Heresthetics was about structuring the way the world was viewed so as to create political advantage. Riker identified a number of heresthetic strategies: setting the agenda, strategic voting (supporting a less favored outcome to avoid something even worse), trading votes, altering the sequence of decisions, and redefining a situation. Initially he saw these forms of manipulation as separate from rhetoric, although it was hard to see how many of these strategies could work without persuasive skills. In an unfinished book, published posthumously, he was focusing much more on rhetoric. His disciples claimed that he was returning the discipline to “the science behind persuasion and campaigning,”
31
but he acknowledged he was moving into terrain where the science would struggle. The point was made in the title of his book on heresthetics,
The Art of Manipulation
. He was clear that this was “not a science.
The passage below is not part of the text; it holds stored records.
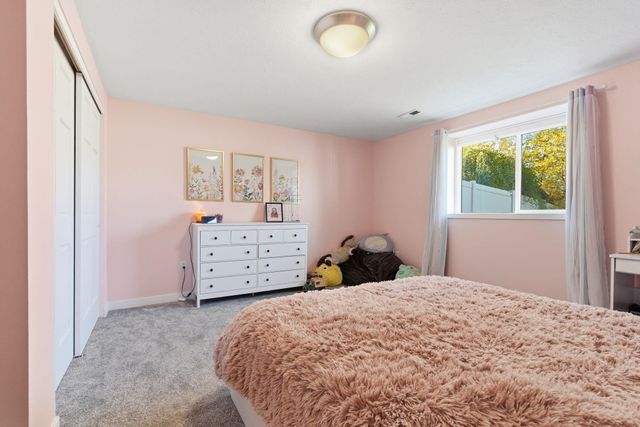 1002 W Highpeak Dr, Spokane, WA 99224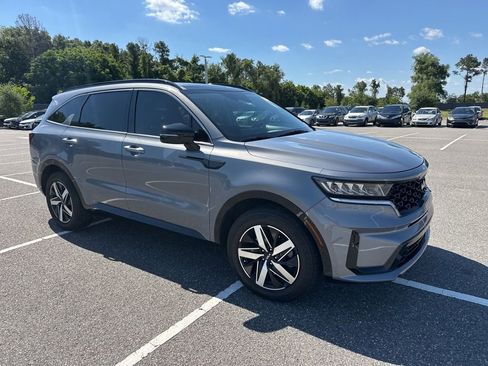 Used 2022 Kia Sorento S w/ Panoramic Sunroof Package FWD image 2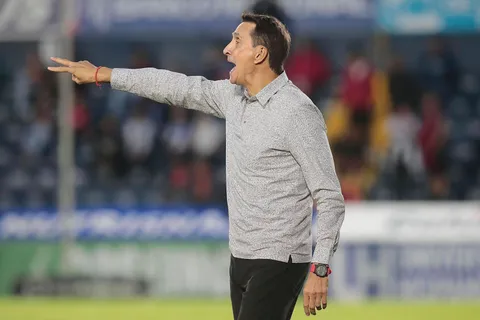 La obsesión de Guimaraes rompe los límites en Alajuelense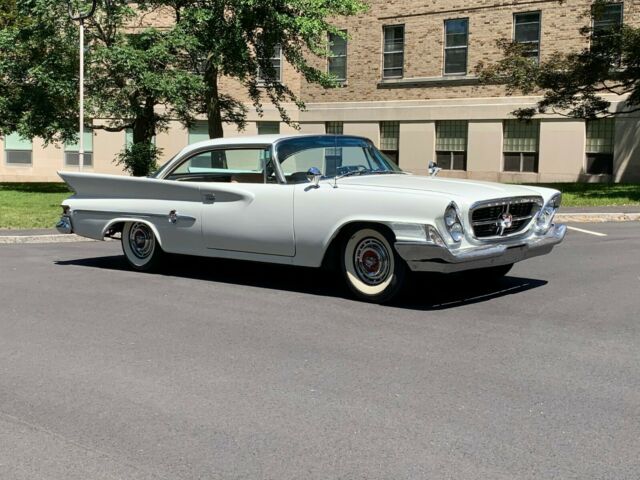 Chrysler 300 Series 1961 image number 2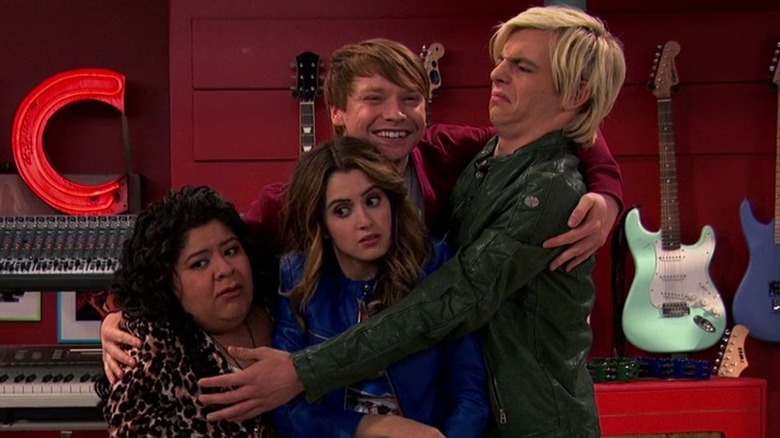 Ross Lynch group hug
There is no set of scientific laws that can be more or less mechanically applied to generate successful strategies.”
32
In his posthumous book he expressed concern that “our knowledge of rhetoric and persuasion is itself minuscule.”
33
Riker certainly did not abandon his conviction that statistical analysis could sharpen his propositions, and he was determinedly avoiding a large body of work that directly addressed exactly the issues of agenda setting, framing, and persuasion that were interesting him, because it was too “belle-lettres” and insufficiently rigorous. However, he still ended up where so many students of strategists found themselves, fascinated by why some players in the political game were smarter and more persuasive than their opponents.

CHAPTER
37 Beyond Rational Choice

Reason is and ought only to be the slave of the passions, and can never

pretend to any other office than to serve and obey them
.

—David Hume, A Treatise of Human Nature, 1740

T
HE PRESUMPTION
of rationality was the most contentious feature of formal theories. The presumption was that individuals were rational if they behaved in such a way that their goals, which could be obnoxious as well as noble, would be most likely to be achieved. This was the point made by the eighteenth-century philosopher David Hume. He was as convinced of the importance of reason as he was that it could not provide its own motivation. This would come from a great range of possible human desires: “Ambition, avarice, self-love, vanity, friendship, generosity, public spirit,” which would be “mixed in various degrees and distributed through society.”
1
As Downs put it, the rational man “moves towards his goals in a way which to the best of his knowledge uses the least possible input of scarce resources per unit of valued output.” This also required focusing on one aspect of an individual and not his “whole personality.” The theory “did not allow for the rich diversity of ends served by each of his acts, the complexity of his motives, the way in which every part of his life is intimately related to his emotional needs.
2
Riker wrote that he was not asserting that all behavior was rational, but only that some behavior was “and that this possibly small amount is crucial for the
construction and operation of economic and political institutions.”
3
In addition, the settings in which actors were operating—whether a congressional election, legislative committee, or revolutionary council—were also taken as givens, unless the issues being studied concerned establishing new institutions. The challenge then was to show that collective political outcomes could be explained by individuals ranking “their preferences consistently over a set of possible outcomes, taking risk and uncertainty into consideration and acting to maximize their expected payoffs.” This could easily become tautological because the only way that preferences and priorities could be discerned was by examining the choices made in actual situations.